まずは、インスト・インにギターやベースをつないでチェック。すると、SOUND SHIFTをゼロにしていても原音が良い具合に変化。音に芯が加わった感じだ。それから、SOUND SHIFTを上げてひずみの量を増やすと腰のある音になり、粘りも出てきた。本機のひずみはギターやベース用のディストーション・ペダルとは別次元であり、"ひずんでいる"という感覚はSOUND SHIFTをかなり上げないと得られないだろう。また、普段ギターやベースをプレイしている筆者が思うに、本機は演奏に対するレスポンスが実に良い感じだ。お次は本機にシンセを接続し、エレピなどの音色変化を確かめたが、こちらは腰のある音になったというより自然な空気感が加わった印象。その効果はスピーカー・シミュレーターのように派手ではないが、アンサンブルの中に入った際、ほかの楽器とのなじみが良くなりそうだ。また入力ソースにもよるが、SOUND SHIFTの値を高めに設定すると、より本機の特色が出やすいだろう。今度は、筆者のAVID 192 I/Oからアナログ出力したソフト・シンセやボーカルのモノラル・トラックを本機のライン・インに入力し、ライン・アウトから出力したものを192 I/Oのアナログ入力に戻してみた。やはり良い感じにかかってくれるし、楽曲のアンサンブル全体を聴きながらかかり具合を調整できるので、各ノブの値を決めやすい。こうした使い方をした場合も、SOUND SHIFTは高めに設定した方が良かった。ちなみに、ドラムに試すとアタックが若干マイルドになる印象。軽くコンプレッションされるように感じたが、コンプを使ったときとは違い、自然なかかり方だ。最後に楽曲をモノラル・ミックスし、トータルでかけてみた。モノラルで曲を聴いているということもあってか、サウンドにビンテージ感が加わる感じだ。トータルでかける場合は、SOUND SHIFTをほどほどの設定にした方が良い印象。ひずみを感じる一歩手前くらいが良いだろう。

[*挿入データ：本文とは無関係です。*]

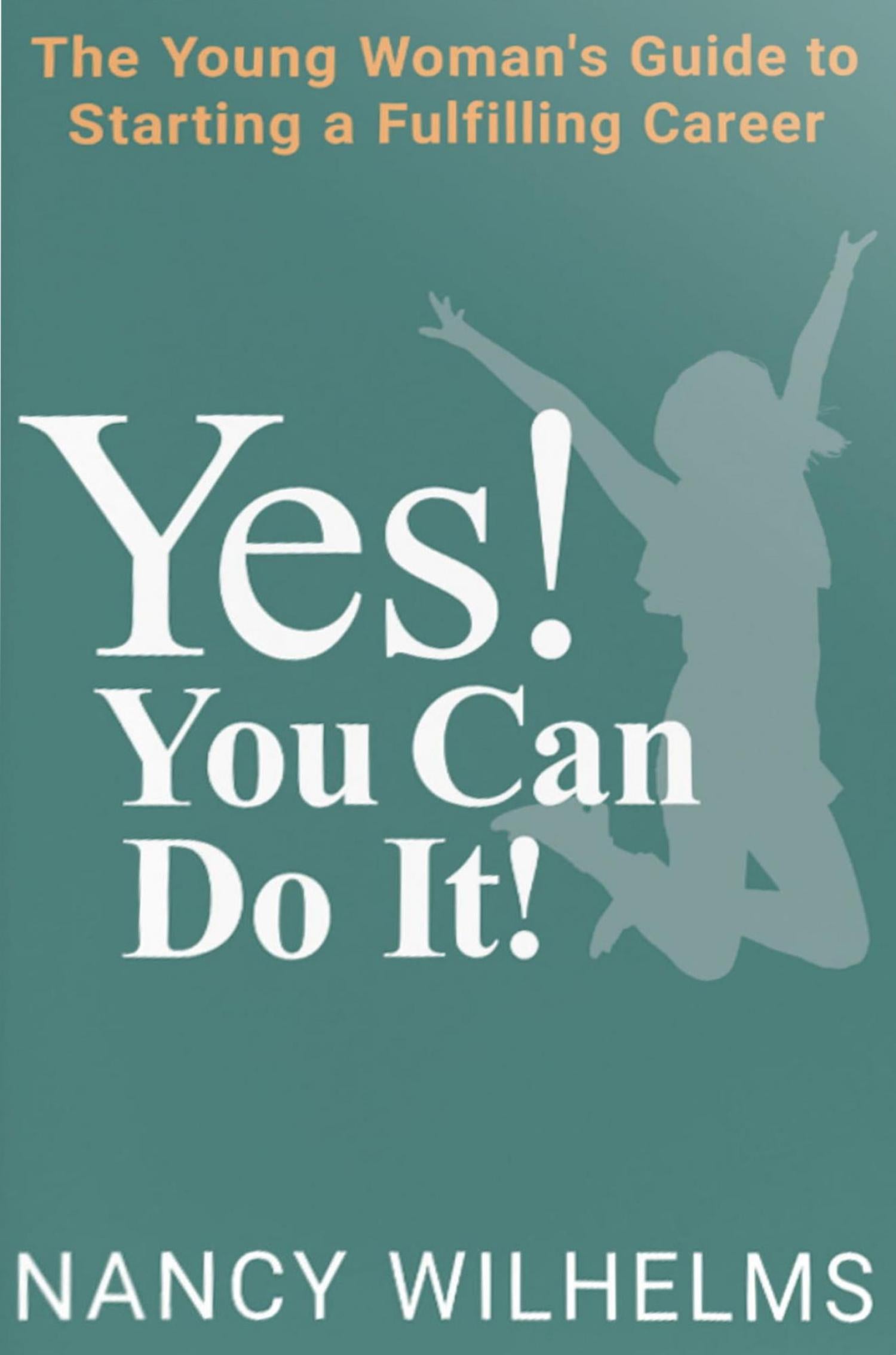 green book cover with a leaping silhouette and the words "Yes! You Can Do It! The Young Woman's Guide to Starting a Fulfilling Career" by Nancy Wilhelms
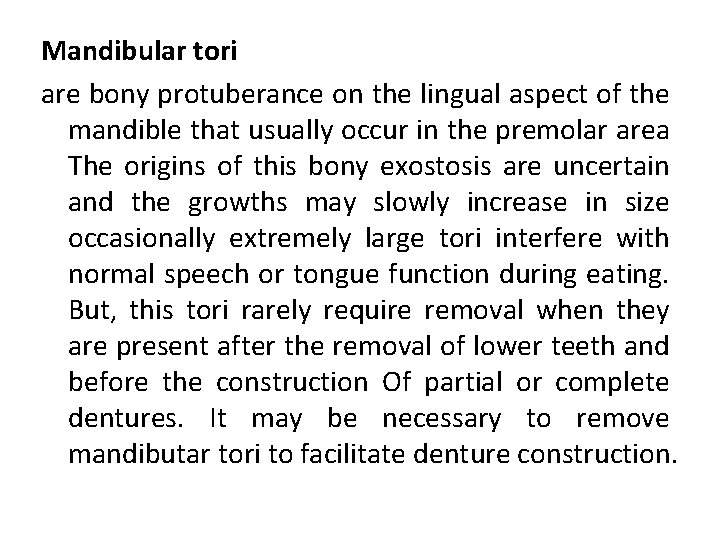 Mandibular tori are bony protuberance on the lingual aspect of the mandible that usually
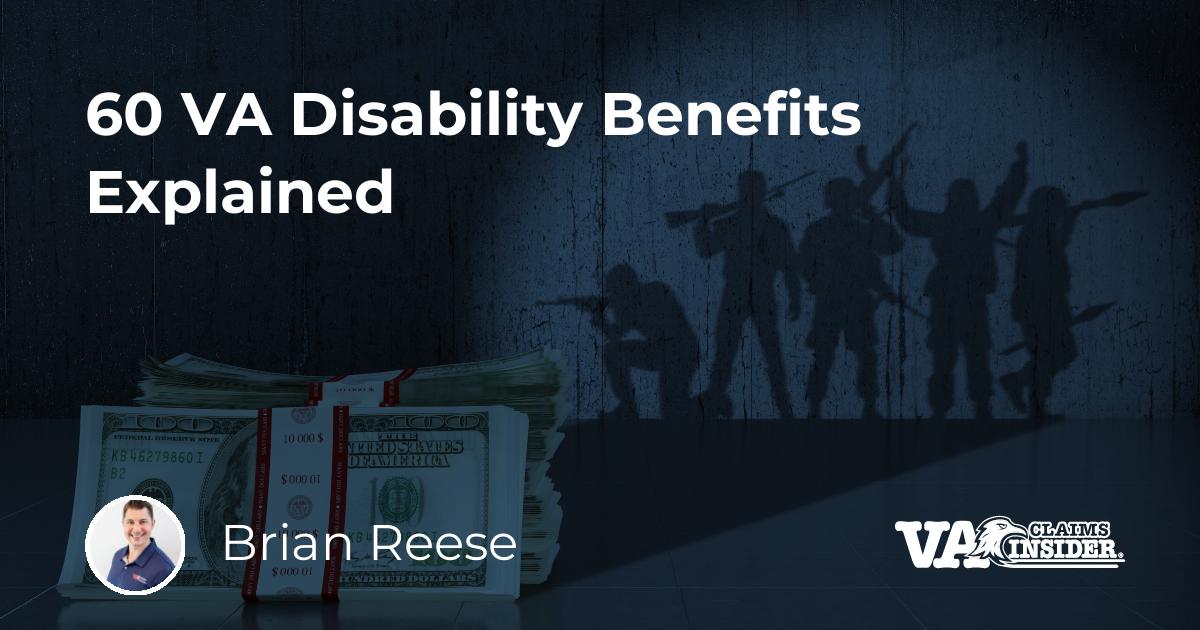 60 VA Disability Benefits Explained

テープ・シミュレーターなどのプラグインと比較すると、本機でかけられるひずみには全く派手さが無い。だが、対応ソースの幅広さを含め、DAW内のサウンドを外部のビンテージ機器に通した感じは狙えると思う。実際にコンディションの良いビンテージ品をそろえるのは大変なので、そういった用途を求めている人にお勧めだ。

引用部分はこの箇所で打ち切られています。